The US Dollar fell across the board following a surge in global risk appetite. Solid corporate earnings by General Electric and a record high in a German confidence survey helped drag the safe-haven greenback lower, triggering a 0.84% loss on the day against a trade-weighted basket of currencies. The Dollar Index (DXY) reversed lower after briefly probing above the key 78.820 pivot, which served as former platform support and the neckline of the latest double top formation.
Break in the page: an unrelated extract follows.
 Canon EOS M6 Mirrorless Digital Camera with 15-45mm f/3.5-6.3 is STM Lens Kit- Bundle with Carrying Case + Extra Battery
Today's bearish price-action also marks the first close below the midpoint of the November advance. The next downside target is 77.842, where the 61.8% retracement lies. If a corrective rally fails to materialize above the broken 50% retracement at 78.538, then the double top target could be in the cards. Ironically, this measured move coincides with long-term trendline support that originates from the all-time lows. Moreover, this would also equate to a retest of critical support at 22 for the Dollar Index ETF (UUP).
While a weekly bearish engulfment pattern was confirmed with this week's follow-through weakness, there is a glimmer of hope for dollar bulls. Often when price-action closes at the lows of the week, it is often representive of a short-term selling exhaustion. Also, the latest CFTC Commitment of Traders report demonstrated that euro speculators had flipped to a small net-long position earlier in the week. This suggests the completion of short-covering for the EUR/USD and could limit gains in the near-term.
Meanwhile, the highly correlated 2-year EU/US yield gap tested the November high before consolidating for the remainder of the North American session. A move above the +68 basis point differential would mark a fresh 2-year high in the EU's favor. As such, the euro should continue to outperform while european peripheral yield spreads narrow and yield differentials vs. the US continue to widen.